Am zweiten Sonntag im April, dem Fest des heiligen Leo, votierte Ungarns Episkopat einmütig für den Zölibat, „in der alten, von den Kirchenvätern schon immer festgesetzten und praktizierten Form“. Schriftlich stellte sich auch der seit einem Dezennium unter Hausarrest stehende Bischof Dr. Badalik auf die Seite des Papstes.

Der „Dialog nützlicher Idioten“, wie ungarische Glaubenskämpfer in leninistischer Terminologie die katholisch-westlichen Gespräche mit ostmarxistischen Religionsexperten zu bezeichnen pflegen, ist freilich nicht die Basis für die Präsenz der katholischen Christenheit in einem neuheidnischen Ungarland. Ungarns Bischöfe taktieren nach dem altbewährten Rezept konkordatärer Verträge, das durch den Verhandlungserfolg des vatikanischen Unterstaatssekretärs Msgr. Agostino Casaroli bei dem magyarischen Kirchenminister Jözsef Prantner — weder verwandt noch mit dem Autor bekannt — Beglaubigung gefunden hat. Jözsef Prantner, 59 Jahre alt und Donauschwabe, einst Maurer, ist heute „Chef des Amtes für Kirchenwesen“, zwar illegaler Kommunist von Jugend an und Parteisekretär des Komitats Tolna in Südungarn. Nach der sprichwörtlichen Salamitaktik, nur diesmal mit christlichem Akzent, vermochten Ungarns Bischöfe dem Staatsmar-xismus Zugeständnis um Zugeständnis abzuringen.
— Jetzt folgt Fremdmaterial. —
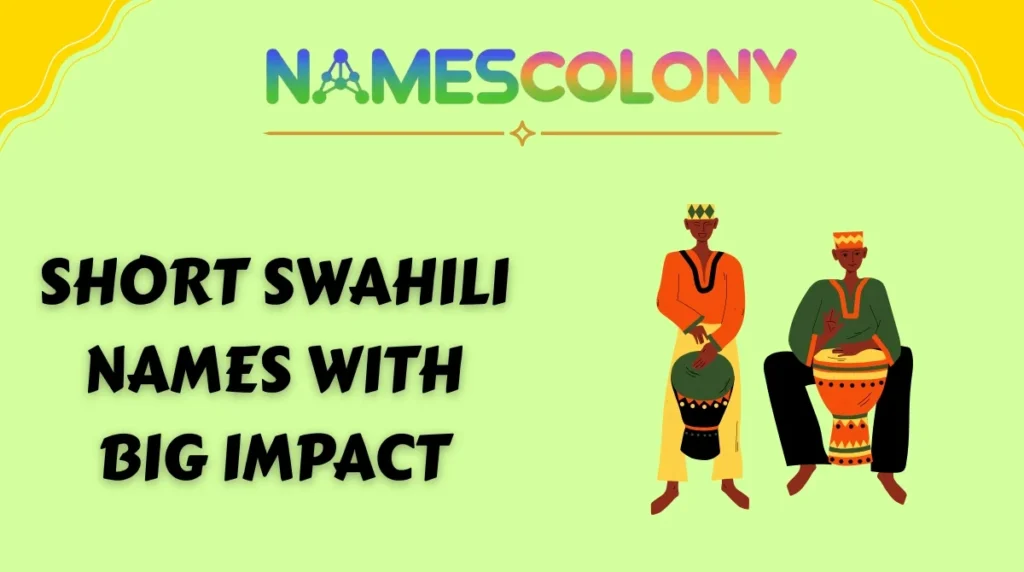 Short Swahili Names with Big Impact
Parteikirchenchef Jözsef Prantner schränkte die Verfolgung ein, bremste die atheistische Propaganda der Partei, milderte den Hausarrest infulierter Würdenträger, setzte gefangene Priester frei und erhöhte die Staatszuschüsse für Kirchenbau und Klerus. Kolonnen von Facharbeitern renovierten das Erzbischöfliche Palais von Kalosza, die Heiligtümer im Burgviertel von Buda wurden erneuert, die romanische Kirche in Felsöörs am Plattensee — übrigens Ungarns ältestem Gotteshaus —, der Dom von Fünfkirchen und die Abtei von Pannon-halma restauriert. Paramente, liturgische Geräte konnten adaptiert oder neu erworben werden. Sicherlich nimmt die Zahl der Schüler, die sich unter Kontrolle der KPU freiwillig zum Religionsunterricht melden, ab: Im Schuljahr 1968/69 waren es noch 17 Prozent, im Schuljahr 1969/70 sind es nur noch 11 Prozent. Doch Prantners Rechnung stimmt nicht: Was er an Symptomen der Versteinerung, der Verkrustung, der Unzeitgemäßheit wahrzunehmen meinte, ist die Schutzwehr der Christen, wie sie schon Paulus bezeichnete; der Helm des Heiles, der Panzer der Gerechtigkeit, das Schwert des Glaubens. Treu zum Lehrgut des Credo erheben bekennend Ungarns Christen in der Verschwiegenheit ihr Herz zu Rom. Und hüten ihren guten Hausverstand, der sie vor Allianzen mit dem Bösen bewahrt.